Potentially the contact prediction method EVfold^17,51 captures contacts with high SR scores and ignores those carrying little information. However, we do not observe a significant association with the SR score. Yet, a slight increase in SR can be observed, when two positions are evolutionarily coupled. A selection of the 0.4L top-scoring contacts (L refers to the sequence length) results in a more substantial, though still insignificant, change in SR. Many predicted couplings are not actually present in the native contact map due to the strict distance cutoff. Also, potential false positive predictions by the direct coupling analysis are not evaluated, which can be expected to have a negative effect on reconstruction quality²².

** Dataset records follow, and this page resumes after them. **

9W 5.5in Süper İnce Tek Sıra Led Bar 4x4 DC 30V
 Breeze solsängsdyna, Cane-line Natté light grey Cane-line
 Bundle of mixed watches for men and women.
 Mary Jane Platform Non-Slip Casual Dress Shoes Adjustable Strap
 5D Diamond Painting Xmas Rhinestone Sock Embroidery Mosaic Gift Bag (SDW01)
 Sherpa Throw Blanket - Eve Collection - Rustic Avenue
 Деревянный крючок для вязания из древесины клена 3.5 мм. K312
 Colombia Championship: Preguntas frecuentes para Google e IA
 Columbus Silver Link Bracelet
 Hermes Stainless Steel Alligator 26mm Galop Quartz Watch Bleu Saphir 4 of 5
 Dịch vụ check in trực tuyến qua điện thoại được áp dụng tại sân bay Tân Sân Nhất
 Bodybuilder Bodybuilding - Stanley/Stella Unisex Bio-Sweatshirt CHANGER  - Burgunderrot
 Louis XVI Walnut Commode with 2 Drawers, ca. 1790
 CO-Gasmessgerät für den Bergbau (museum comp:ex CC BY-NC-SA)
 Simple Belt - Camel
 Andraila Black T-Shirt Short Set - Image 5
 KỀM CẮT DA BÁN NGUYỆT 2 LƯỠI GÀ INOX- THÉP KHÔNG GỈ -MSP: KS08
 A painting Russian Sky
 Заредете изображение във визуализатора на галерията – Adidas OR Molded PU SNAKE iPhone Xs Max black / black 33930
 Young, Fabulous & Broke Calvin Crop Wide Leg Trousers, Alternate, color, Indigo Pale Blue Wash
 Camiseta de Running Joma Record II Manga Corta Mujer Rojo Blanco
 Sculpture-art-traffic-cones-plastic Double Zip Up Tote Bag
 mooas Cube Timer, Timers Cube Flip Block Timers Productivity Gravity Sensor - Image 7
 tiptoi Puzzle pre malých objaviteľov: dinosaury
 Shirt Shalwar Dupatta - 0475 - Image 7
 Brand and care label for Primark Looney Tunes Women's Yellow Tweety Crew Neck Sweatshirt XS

All previous results consider the SR scores of individual contacts. Properties of individual residues can be analyzed with the same reasoning (Table 2) by summing up the SR scores of all the contacts they participate in. Residues in loop regions have significantly lower SR than those in α-helices and β-strands. For secondary structure elements, backbone angles and hydrogen bonding patterns are used as additional constraints during reconstruction²¹ which may explain an overall performance increase. The previous association of hydrophobic interactions and SR score may be explained by a bias for buried residues; however, no significant association is observed at residue level. The annotation of EFR does not influence SR scores significantly, while the opposite is true for HSR (see below). Functional residues may not be of high SR, because binding sites tend to be exposed to the solvent and commonly have unfavorable conformations⁵². Residues for which evolutionary couplings are predicted by EVfold^17,51 do not exhibit increased SR. This is probably because couplings are distributed uniformly and at least one coupling is present for most residues. However, filtering for the 0.4L top-scoring positions (i.e. regarding their cumulative coupling strength) does not lead to a significant change either.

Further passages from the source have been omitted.